The clock works by precisely monitoring the frequency at which atoms of ytterbium naturally vibrate, producing light waves of very characteristic frequencies and colours.
The key to making any clock as accurate as possible is to build a system that ticks or vibrates at the steadiest frequency possible. In a pendulum clock, friction between the clock's parts and with the air around the pendulum bob interferes with its steady swing and make it swing unpredictably.
Atomic clocks, on the other hand, are able to achieve much better accuracy than clocks with larger swinging mechanisms, because it's much easier to put single atoms in very controlled laboratory environments, away from external interfering influences.

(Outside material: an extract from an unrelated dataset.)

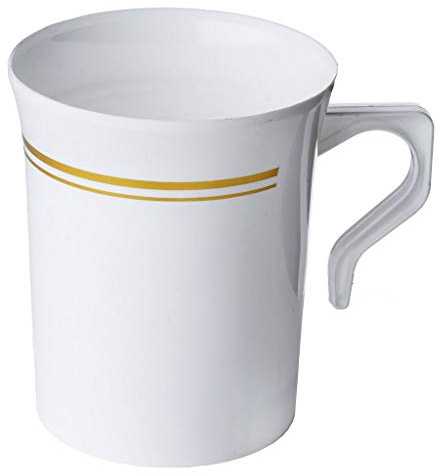 BloominGoods 50 Heavyweight Disposable White Plastic 8 oz. Coffee Mugs with Gold Trim | Tea, Cappuccino, Espresso Cups with Handles (50-Pack)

The difficulty, however, is that the electromagnetic vibrations produced by atoms typically have frequencies of billions, or even millions of billions, of cycles per second. Counting those cycles to keep track of time requires some of the fastest electronics in the world. Although ytterbium atoms are known to be very stable, it hasn't been possible to use them in an atomic clock until now because of the high frequency of the light they produce.
Using time standards like these allow scientists to make very precise measurements of how long processes take. For example, the Earth rotates on its axis once every 24 hours, and that is what gives us day and night. But movements of landmasses and ice sheets can trigger minute variations in the Earth's rotation, which can only be measured with the world's best clocks, but which can tell us about the structure of our own planet.
Physicists want to test Einstein's theory of relativity, which predicts that clocks should run slow when moved at very high speeds, but the effect is so tiny that it can only be measured with incredibly good clocks.